That is a great question. Sorry I didn't see it until now.

OK, that figure 98dB @ 1W/1M is called a speaker's SPL (sound pressure level). It is also called efficiency or sensitivity. And it is a great and helpful thing to understand this spec. It is not the only speaker specification you should know, but it is one of the most important. OK here's what it means.

First of all, volume is expressed in decibels. That is what dB stands for. Human speech is around 70dB. A jet engine is about 135dB. A rock band is somewhere in between.

Every 12 decibels is perceived to be a doubling of volume (twice as loud).
So 82dB would be perceived as twice as loud as 70dB.

Some speakers are said to be more efficient than others. This means they will produce more volume with the same exact power applied.

Speakers are tested with 1 watt of power applied from a 1 meter distance. Some companies place the mic at different positions than others. But generally, you can trust the figures from reputable companies.
But anyway, that is what the 1W/1M meter stands for; 1 watt at 1 meter distance.

So, a speaker rated 98dB @ 1W/1M will produce 98 decibels volume with 1 watt of power applied to it at 1 meter distance.

Now, catch this and you will see how this applies to amplifiers. Knowing this will allow you to get maximum volume with lower amplification. OK, here is a very important thing to know:


So lets say you have a 100 Watt guitar head and you want to buy a 1 X 12 speaker cabinet. One is rated 98dB @ 1W/1M, and the other is rated 101dB @ 1W/1M.

I bet you already know which speaker is louder. But will it be enough for a loud Rock band? It is said you need about 116-120 decibels to play a small club, 120-126 decibels for a medium sized club, and maybe 126-130 decibels for a large club with big crowd or outdoor concert. Anything over 130 watts is dangerous to your hearing.

OK, look at this chart. The figure on the far left shows the watts of power applied. Notice that I double it each time. Then you will see the decibel level (volume) of these two cabinets.

Watts applied 98dB @ 1W/1M speaker 101dB @ 1W/1M

1- 98 101
2- 101 104
4- 104 107
8- 107 110
16- 110 113
32- 113 116
64- 116 119
128- 119 122
256- 122 125
512- 125 128
1024- 128 131

OK, you see everytime I doubled the watts, each speaker got a 3dB increase in volume. You have a 100 watt head. With the 1st speaker you are gonna get somewhere in between 116-119 decibels, I'd say 118dB.
Speaker #2 is gonna get you 121dB with this same power. So with speaker #2 you could probably play a medium sized club with a good crowd. Speaker #1 might not make it, but would be ok at a small club with small crowd.
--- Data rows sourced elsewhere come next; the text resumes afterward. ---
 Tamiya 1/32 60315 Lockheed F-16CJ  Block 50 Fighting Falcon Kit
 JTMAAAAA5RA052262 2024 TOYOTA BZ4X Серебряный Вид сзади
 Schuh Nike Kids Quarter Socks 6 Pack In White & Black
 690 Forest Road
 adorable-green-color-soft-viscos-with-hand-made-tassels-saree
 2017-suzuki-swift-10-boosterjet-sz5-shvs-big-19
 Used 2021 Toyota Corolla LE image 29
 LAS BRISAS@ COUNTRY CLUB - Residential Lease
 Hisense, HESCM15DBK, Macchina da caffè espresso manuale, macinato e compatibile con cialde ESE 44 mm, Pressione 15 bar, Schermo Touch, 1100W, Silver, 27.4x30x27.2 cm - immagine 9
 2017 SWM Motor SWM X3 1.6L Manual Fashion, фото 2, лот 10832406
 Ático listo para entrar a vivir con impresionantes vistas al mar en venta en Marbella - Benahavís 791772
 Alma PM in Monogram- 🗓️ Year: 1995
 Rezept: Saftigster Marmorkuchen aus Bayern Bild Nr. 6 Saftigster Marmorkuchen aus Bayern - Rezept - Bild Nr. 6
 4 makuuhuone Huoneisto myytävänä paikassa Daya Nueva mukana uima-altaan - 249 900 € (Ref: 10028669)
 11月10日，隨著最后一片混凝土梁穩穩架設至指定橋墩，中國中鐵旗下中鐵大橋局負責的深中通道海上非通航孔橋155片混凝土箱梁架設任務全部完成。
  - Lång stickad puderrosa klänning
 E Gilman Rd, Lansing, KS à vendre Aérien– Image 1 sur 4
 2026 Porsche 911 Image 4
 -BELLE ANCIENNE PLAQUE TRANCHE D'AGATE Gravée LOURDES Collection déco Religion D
There are other ways to increase volume. When you put 2 identical speakers side by side you get a 3 decibel increase in volume. So if you bought a 2 X 12 cabinet with speaker #2, you would get about 124 decibels right? Wrong. Because each speaker shares the watts. Each speaker would only get 50 watts each from your 100 watt head. But still, it is known you get a volume increase with multiple speakers simply because you are pushing more air. This is the reason for the popularity of the 4 X 12 cabinet. But I bet most people don't realize that each speaker is only getting 25 watts from a 100 Watt head.

This is enough for now, but if you want to know more I will write. Tell me if you have any questions understanding this.


If you know something better than Rock and Roll, I'd like to hear it - Jerry Lee Lewis

Active Member
Joined: 20 years ago
Posts: 10
Topic starter  

Whats the difference between graphic and parametric eq units?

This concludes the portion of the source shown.